4OA4 Licensee Event Report Reviews
(Closed) LER 2002-003-00; Submitted on January 14, 2002 On January 14, 2003, the licensee reported LER 2002-003-00 to the NRC to report an automatic reactor trip on November 15, 2002, which was caused by a main turbine trip.
The trip was the result of a trip of the 345KV main output breakers following a fault and trip of the No. 3 breaker in the Buchanan switchyard. The details of this LER were reviewed by the inspectors and reported in NRC inspection report 50-286/02-08. Based on a review of the LER, and inspector observations immediately following the trip, this LER is closed.
(Closed) LER 2003-001-00; Submitted on March 11, 2003 On March 11, 2003, the licensee reported LER 2003-001-00 to the NRC to report a manual reactor trip on January 13, 2003, due to a high differential pressure between main condenser sections. The details of this LER were reviewed by the inspectors and reported in Section 4OA3 of this report. Based on a review of the LER, and inspector observations immediately following the trip, this LER is closed.
4OA6 Meetings
Exit Meeting Summary
On May 9, 2003, the inspectors presented the inspection results to Mr. Chris Schwarz and Entergy staff members who acknowledged the inspection results presented. The inspectors verified with Entergy personnel that no materials evaluated during the inspection were considered proprietary.
ATTACHMENT:
SUPPLEMENTAL INFORMATION
KEY POINTS OF CONTACT
W. Axelson Support Supervisor
J. Boccio I&C Supervisor
R. Cavalieri Site Planning and Outage Services Manager
- R. Christman Assistant Operations Manager, Operations Staff
- J. Comiotes Director, Nuclear Safety Assurance
F. Dacimo Site Vice President
J. DeRoy Director of Engineering
R. Deschamps Radiation Protection Superintendent
M. Devlin Work Control Superintendent
R. Discensi Technical Support Manager
J. Donnelly Corrective Actions and Assessment Manager
- J. Kelly Director, Nuclear Safety Assurance
J. McCann Licensing Manager
R. Milici Senior Electrical Engineer
E. ODonnell IP3 Operations Manager
J. Perrotta Quality Assurance Manager
- S. Petrosi Design Engineering, Manager
P. Rubin IPEC Operations Manager
- C. Schwarz General Manager, Plant Operations
- M. Smith Director, Engineering Projects
D. Thompson Security Manager
A. Vitale Maintenance Manager
J. Wheeler Training Manager
R. Decensi Technical Support Manager
LIST OF ITEMS OPENED, CLOSED, AND DISCUSSED
Closed
LER 2002-003-00 Automatic turbine/reactor trip on November 15, 2002, as a result of a fault and trip of the 345KV breaker No. 3.

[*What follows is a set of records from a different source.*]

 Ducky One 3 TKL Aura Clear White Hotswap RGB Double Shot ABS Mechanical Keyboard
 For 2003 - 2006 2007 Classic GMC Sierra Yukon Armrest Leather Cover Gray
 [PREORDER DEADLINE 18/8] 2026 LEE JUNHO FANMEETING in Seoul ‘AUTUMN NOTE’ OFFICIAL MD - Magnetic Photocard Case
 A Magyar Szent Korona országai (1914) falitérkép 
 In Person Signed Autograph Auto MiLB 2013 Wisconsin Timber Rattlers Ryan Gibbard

LER 2003-001-00 Manual reactor trip on January 13, 2003, due to loss of two circulating water pumps and a high differential pressure between main condenser sections.
Opened and Closed
NCV 50-286/03-02-01 Inadequate dedication of commercially procured equipment for the replacement of a valve actuator in the emergency diesel generator fuel supply system, which is a safety-related application.
NCV 50-286/03-02-02 A temporary alteration of the fuel storage building ventilation system was implemented without consideration of the effect on air flow within the ventilation system.
(contd) 2 FIN 50-286/03-02-03 Self-revealing green finding involving reactor trip due to poor maintenance.